Comment Re: It's easy to understand how this is happening (Score 1) 51

This is a valid retort. But let us not think that lawyers are struggling: once they get to be a "partner" in a firm they are likely making $1 million/year. And the entire context of the discussion is that they aren't relying on staff like they used to. Back in 1980, a lawyer had staff members who ran down to the court house to get documents, bring them back, photocopy them, staple them, file them, make phone calls. Now all of that is 100% automated, plus now they have AI.

I'm not sure the legal overhead is quite what it used to be.

Comment It's never the tools responsbility (Score 1) 66

Disclaimers like this apply to Excel, TurboTax, GCC, ChatGPT, and more: The user is ultimately responsible for the application. The manufacturers always disclaim responsibility.

You can get companies to stand behind products and accept liability or sign a Business Associate Agreement - but you are going to have to put it in a contract and pay extra for it.
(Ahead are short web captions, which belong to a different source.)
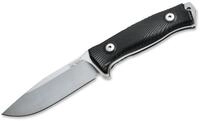 LionSteel Feststehendes Messer M5 G10
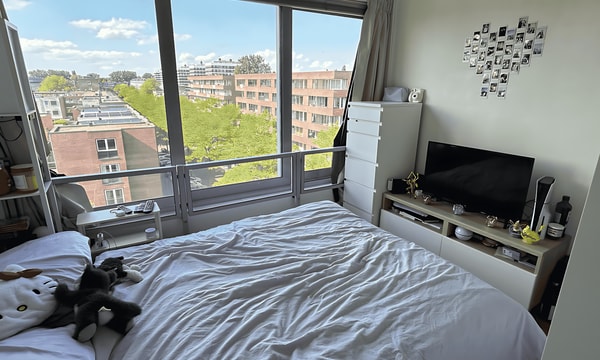 Kamer | 6m² | Pieter Calandlaan | €685,-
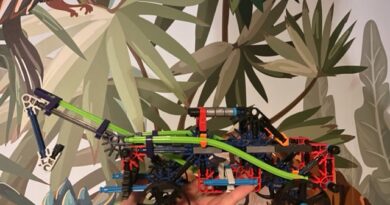 knex voertuigen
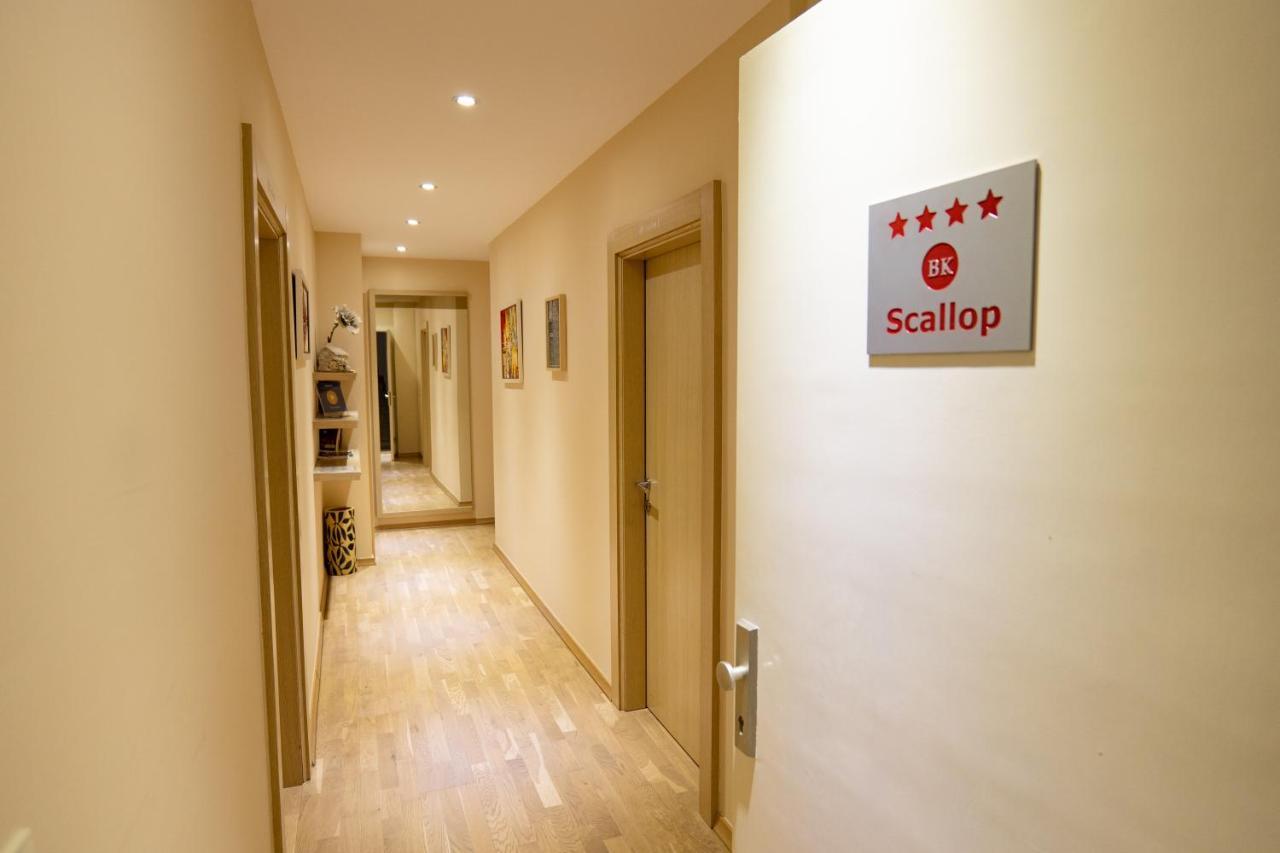 Scallop Rooms Self Check-In Zadar Bagian luar foto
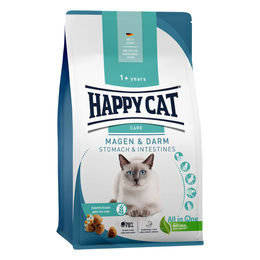 Happy Cat Care Magen & Darm Katzenfutter 3x4kg – Bild 1 von 5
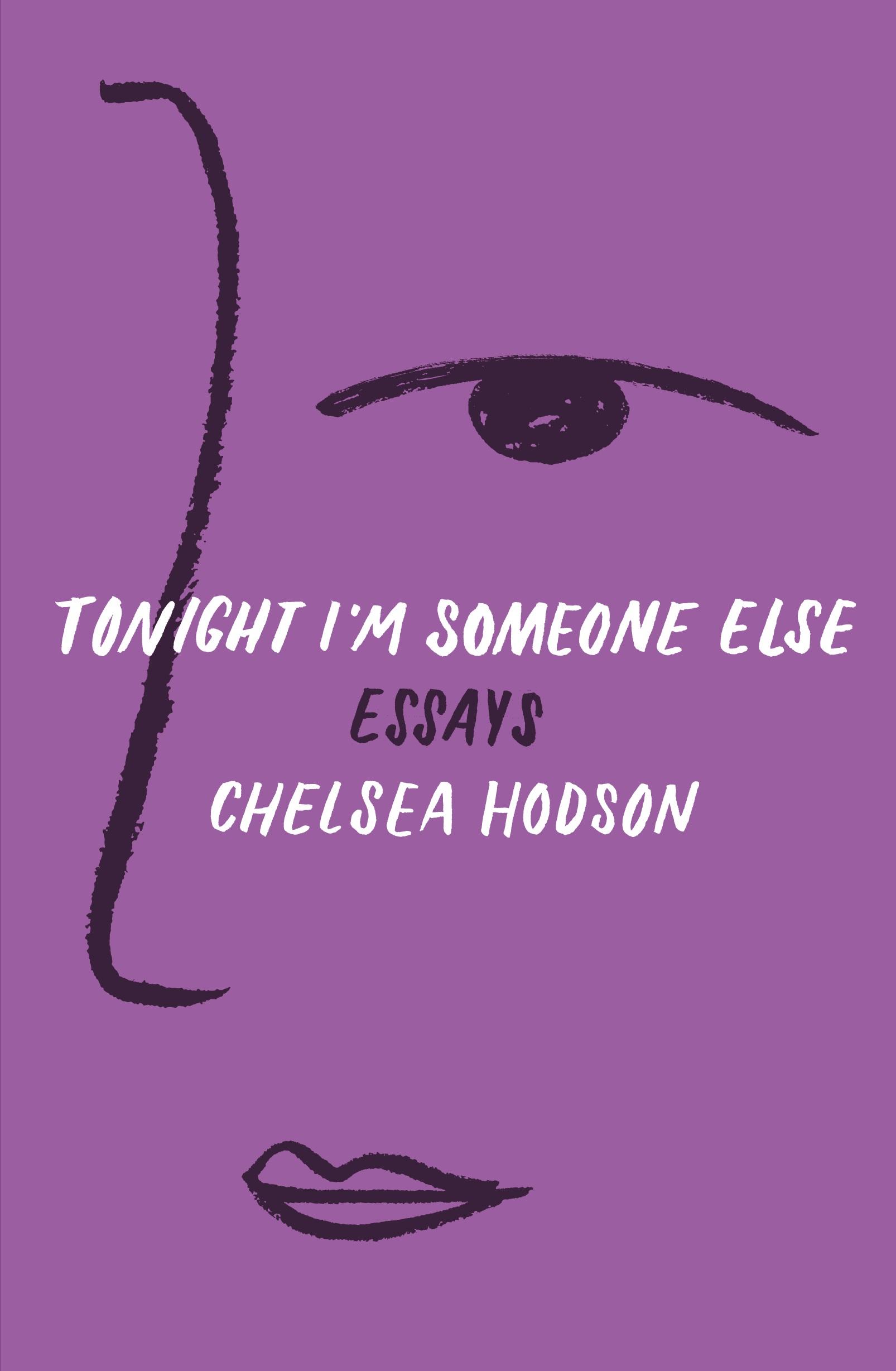 Vorderes Coverbild Tonight I'm Someone Else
This is why the product you buy at Home Depot and the one the government/military/NASA buys has a very big price difference even if it is the exact same part.

Comment Re:It is rather amazing (Score 2) 66

Every industry does this.

From Housing inspectors and plumbers, to software products - it is super common. I just had plumber put this into their contract for replacing a cast-iron drain with PVC. Then I had the tub reglazed and they did the same thing. There are often two prices, based on if you want a guarantee behind it or not. I paid a structural engineer to inspect the foundation of my prior to purchase. While he said the cracks were normal setting, the price was $200 for the inspection + verbal assessment, or $600 to put it in writing and stand behind it. In the last two weeks I've gotten this same thing from a tax preparer and a property attorney. Free advice from the tax preparer, but if we want him to file it and sign it there was a price. The attorney told me what to say in court, but quoted me a price to put it on his letterhead or to show up and say it.